Loopholes in the 1987 Constitution itself, says Atty. Manuel Laserna, Jr., who specializes in the litigation of judicial and quasi-judicial cases, can invite injustice and disorder. Meanwhile, the interpretation – and misinterpretation – of ambiguous laws, he says, may rock the stability of the justice system as an institution. “It places at risk the doctrines of res judicata (which states that adjudicated issues cannot be litigated again) and stare decisis (which requires courts to adhere to principles established by decisions in earlier cases).”
An example is House Bill 6974 or the CyberCrime Prevention Act of 2009, which according to Kabataan Party-list representative Mong Palatino, is a vaguely worded measure that can be used to stifle the public’s freedom of expression and violate their right to privacy. More recent examples are the foggy election laws that allowed candidates to overspend on their campaigns for the national elections in May.
A month earlier, the hight court had been the target of widespread criticism after it permitted then President Gloria Macapagal-Arroyo to appoint the next chief justice – despite an election ban on midnight appointments under Article VII, Section 15 of the Philippine Constitution. “The net effect is the diminution of the respect of the people in the Supreme Court as the last bulwark of Philippine democracy,” says Mr. Laserna.
Indeed, the law’s occasional obscurity shouldn’t be taken as a window for corruption. The preliminary chapter of the Civil Code, says Mr. Laserna, requires courts to settle controversies surrounding cryptic provisions. “Ignorance excuses no one from compliance with these basic tenets,” he says.
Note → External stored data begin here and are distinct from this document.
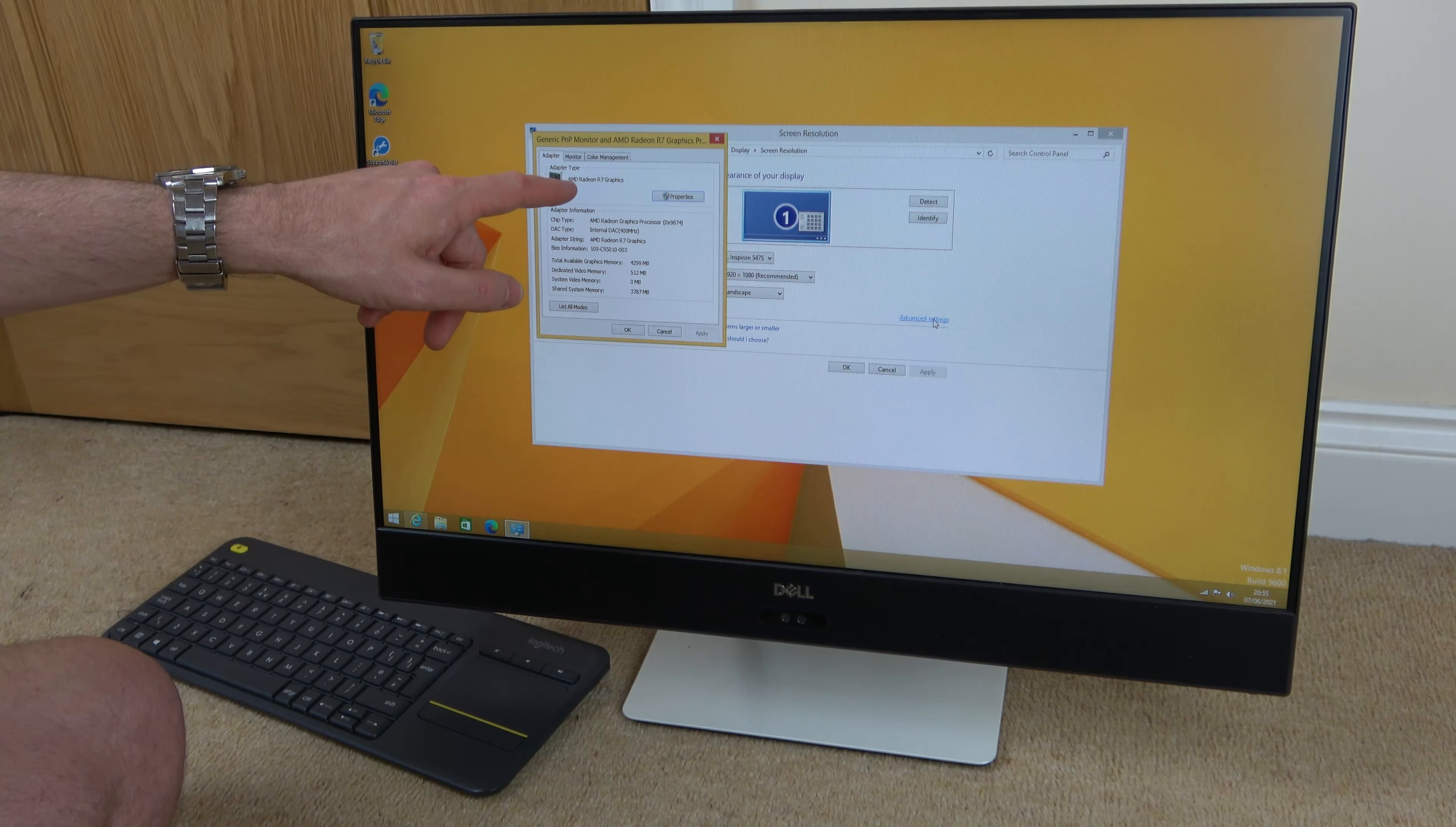And this will bring up the graphics card that we're using here. So in this particular PC, we've got our integrated graphics, which is AMD Radeon R7 graphics, and you can see down here we have the various different specifications for the memory.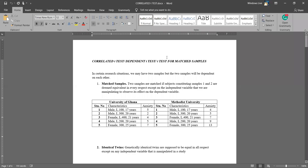Welcome, all of you. Today's discussion centers on correlated t-tests, also known as dependent t-tests, or sometimes referred to as t-tests for matched samples. When it comes to correlated t, we have three names and any of them means the same thing.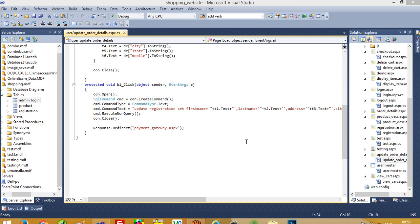Hello. In this video I am going to show you how you can add a PayPal payment gateway inside this shopping cart project, and also how we can generate an order after completing the payment process.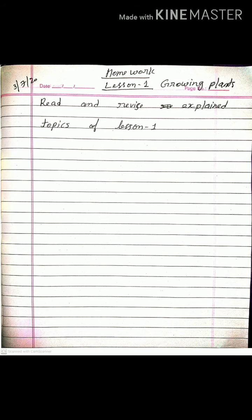Now, all students, note down your homework. Lesson 1 — Growing Plants. Today's homework is to read and revise the explained topics of Lesson 1. Read the lesson properly and revise the explained topics. Also, I remind all of you: every day, after each video ends, write your name, class, and section in the comment box for attendance. Do this activity every day — it is very important. Thank you.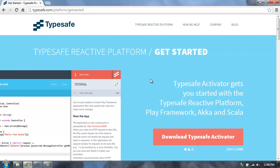Hi, I'm James Ward, a developer advocate at TypeSafe. IntelliJ IDEA 13 is out. I wanted to show you how to get started building applications with the TypeSafe Reactive platform and using IntelliJ as your editor to do that.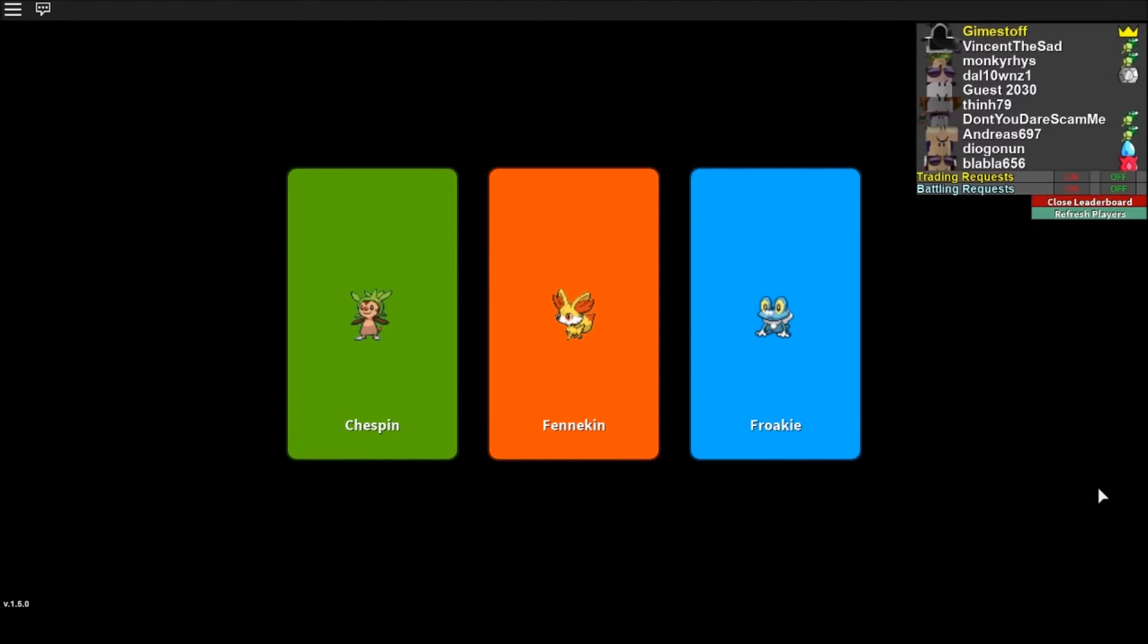Hello everyone and welcome back. So as you can see here, these are the 3 Generation 6 starters: Chespin, Fennekin and Froakie. And I will show you in a second where to get those.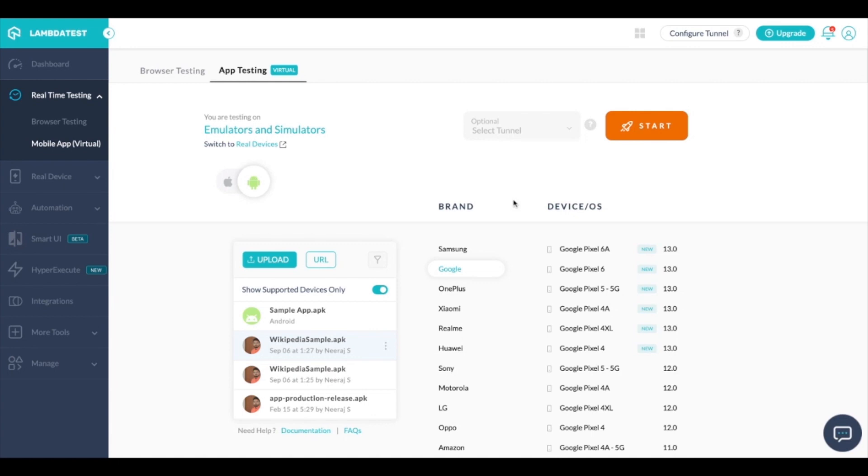Hello everyone, today let's talk about app testing on LambdaTest. LambdaTest supports app testing on both emulator simulators as well as on real devices. Today let's talk about emulators and simulators.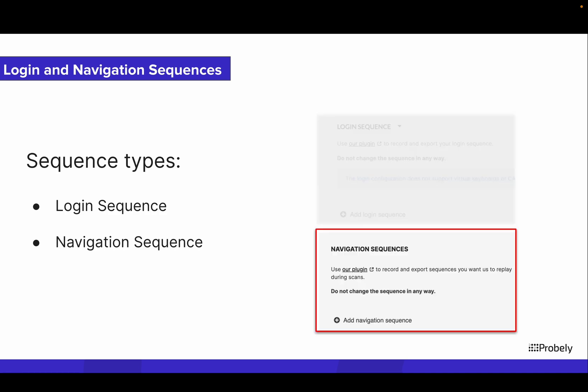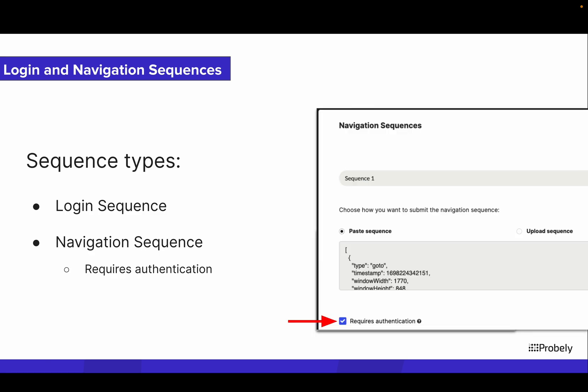But if there is a complex flow while navigating the website or web application, you can record that sequence of actions and then add it to your target settings as a navigation sequence. If the target has authentication, you can choose to replay the navigation steps only after the login. Otherwise, the navigation sequence will run without any session.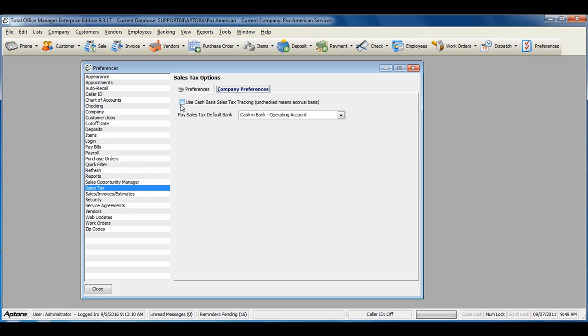If you calculate sales tax based on cash basis, then you'll need to select this option. This means that you owe sales tax based off of sales which have been paid. If you do sales tax on an accrual basis, leave this option unchecked.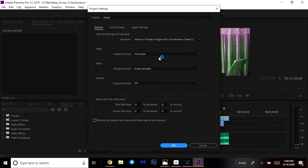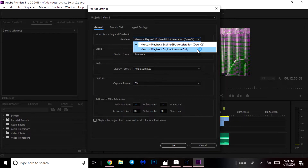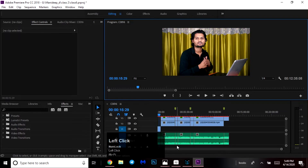I will show you how to render — Mercury Playback Engine software only and GPU acceleration. I will show you the software only and I will show you the screen.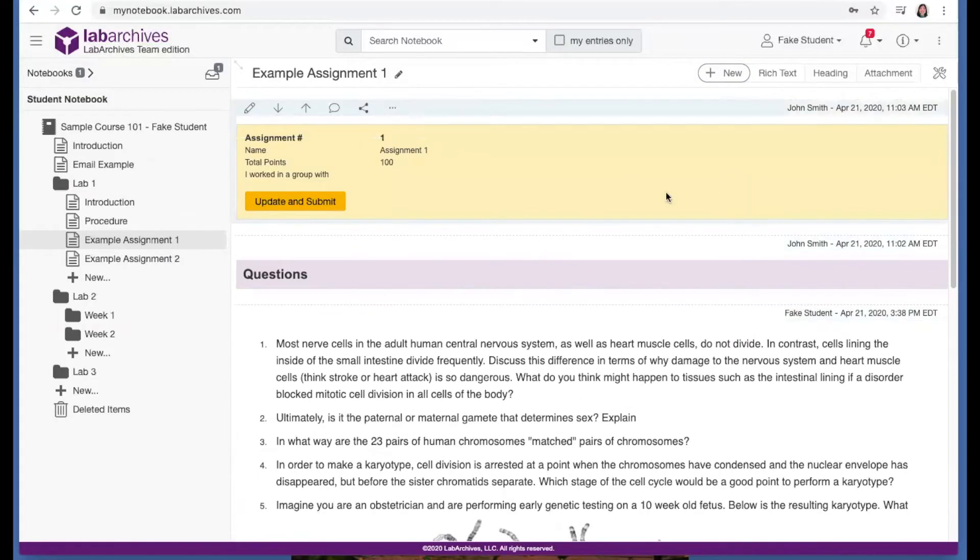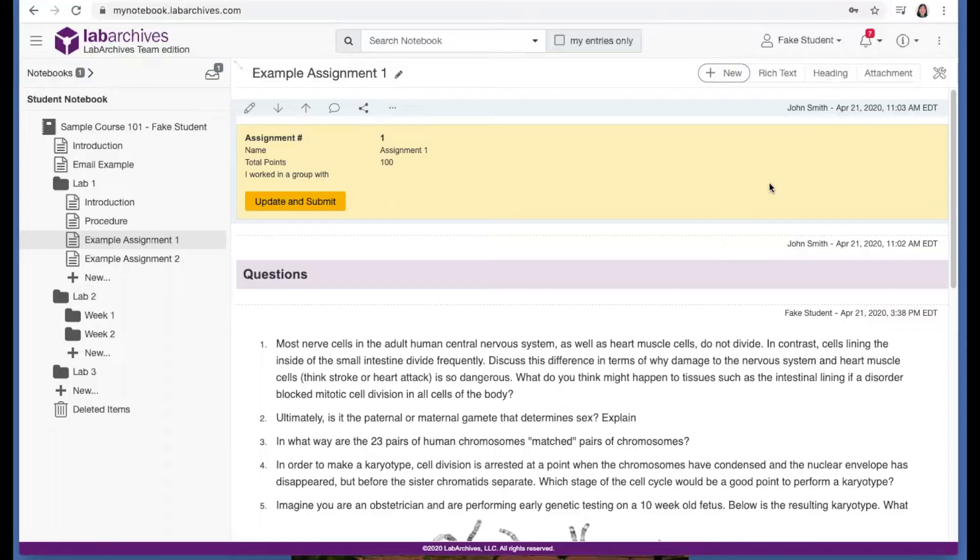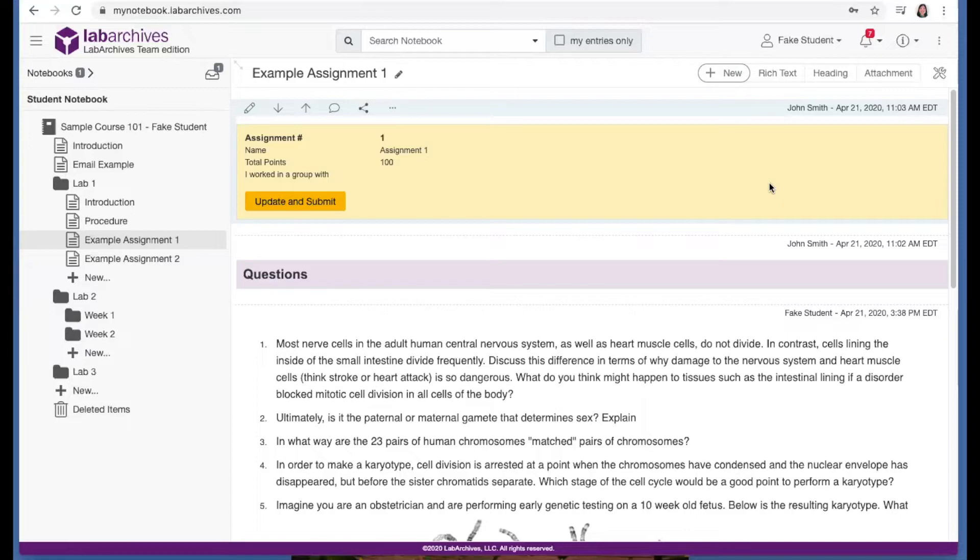This yellow box right here is an assignment entry. Most instructors add an assignment entry to pages that need to be submitted for grading. As a student, the assignment entry is very important. An assignment entry indicates that on this page, you'll need to either answer questions, add data, or follow instructions given by your instructor, and then submit.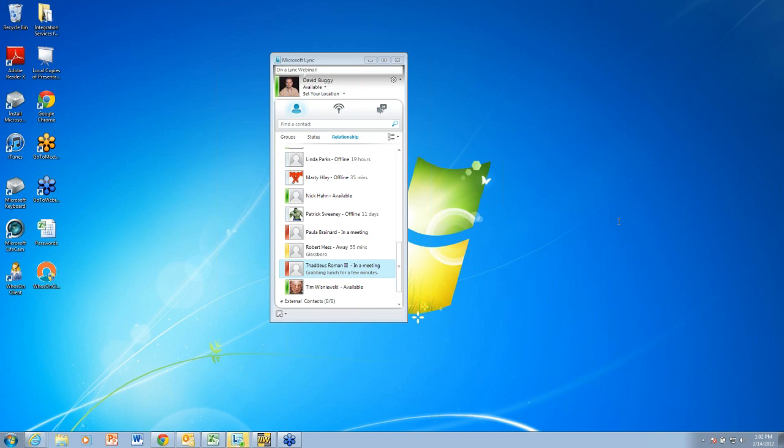One is our network services practice. We do IT outsourcing where we maintain the networks of clients across the country. We also have a Microsoft CRM practice where we implement the Microsoft CRM solution.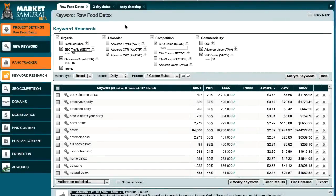Welcome to the Market Samurai Tutorials. My name is Tyrone Shum and inside this tutorial, I'd like to share with you how to determine what your keyword is worth in particular in dollar terms.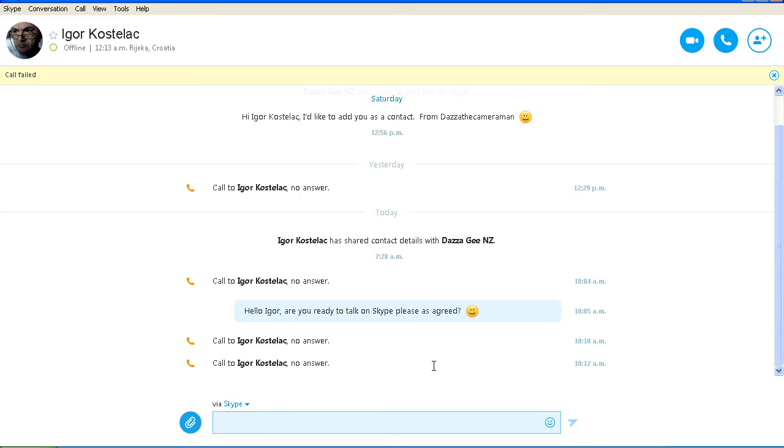And so there we have it. The door is still open to Igor Costellis. I'm still happy to talk via Skype or via a live Google Plus Hangout. And I'm quite happy to answer all those questions that Igor raised in his recent video. And maybe he can answer questions for me as well. Thank you for watching and stay tuned for updates.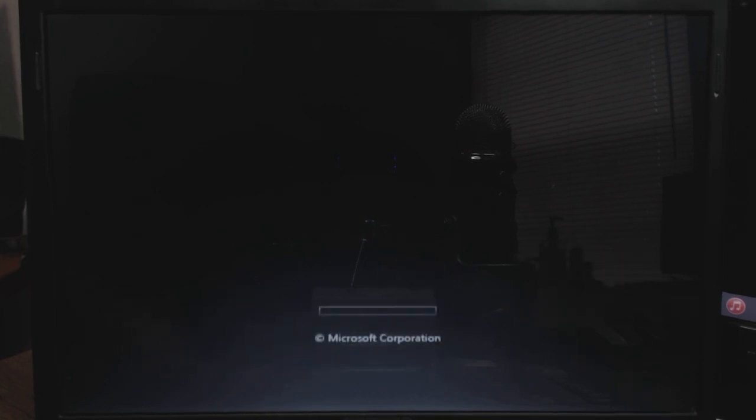Pretty much any Windows computer should get you in there. So thanks a lot guys for watching, and I hope you guys like, subscribe, and comment. Have a great one!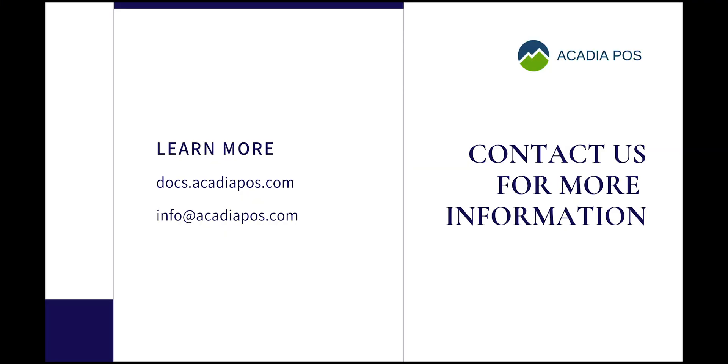Thanks for taking the time to watch this video. For more information on other features visit docs.acadiapos.com or send us an email at info at acadiapos.com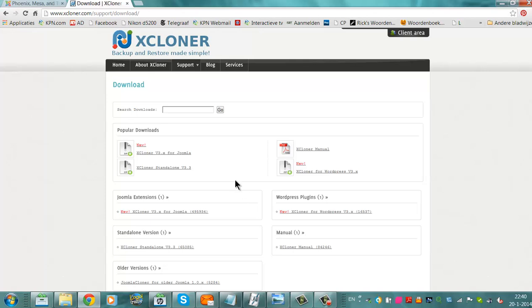I hope I helped you to set up xcloner, and I hope you can create a lot of backups, so that you can have a safe website for a long time. I hope to see you back on my channel soon.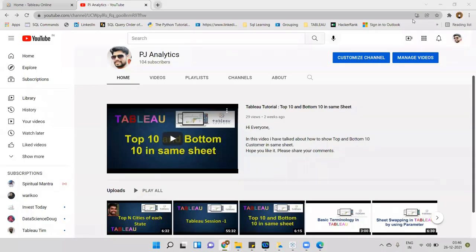Hi everyone, this is Pius Jen. Welcome to my channel PJ Analytics. In this video I will talk about row level security in Tableau. This is one of the frequently asked questions in interviews as well, and one of the good features that we have in Tableau.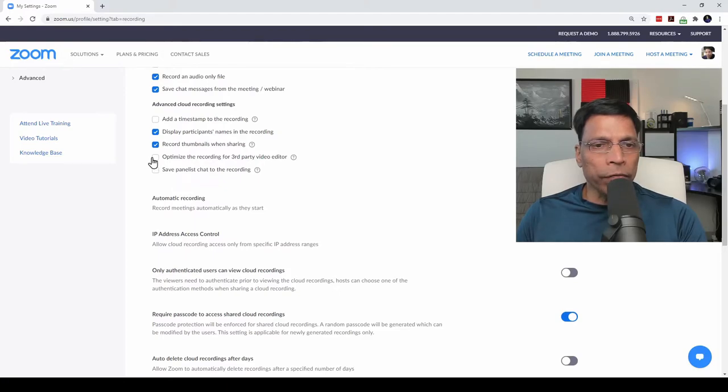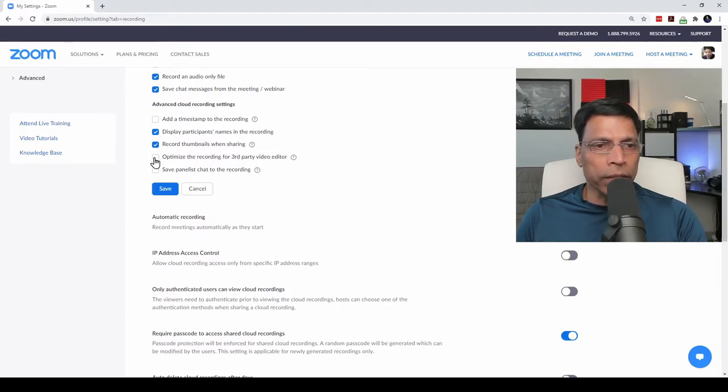Optimize the Recording for Third-Party Video Editor. Click it on and click Save.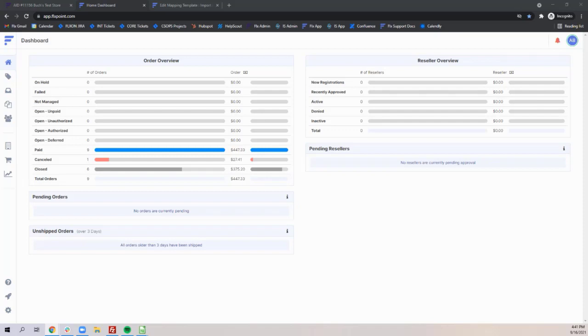It also allows you to take a single product variant and turn that into a multi-quantity product variant. For instance, if a supplier sells an item individually and you would like to sell it in a six pack.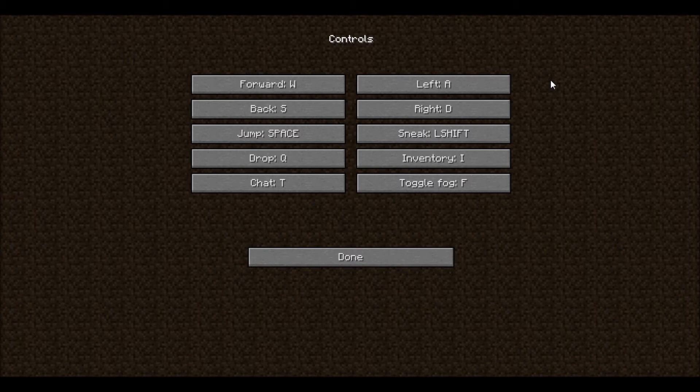To jump, press space. To sneak, press left shift. To drop the item you currently have selected, press Q. Your inventory is I. To chat in multiplayer is T. And to change your render distance is F.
A solution to such legal puzzles may lie in the void-for-vagueness doctrine, which according to Mr. Laserna states that “a law which on its face or text is vague, undefined, and without clear standards and yet imposes a penalty, is a void law and its nullity is ab initio (from the start).” But even the clause can be subject to exploitation. “The situation gives the Judiciary a chance to adopt and create a policy – [a duty of the] legislative territory – and not simply to interpret the law,” he adds.
Moves to address these issues are already in place. “The militant civil society [as well as] the militant parts of the legal profession [and the] academe have in some instances managed to correct the debilitating effects of ambiguous laws,” says Mr. Laserna. But only the state can nip it in the bud.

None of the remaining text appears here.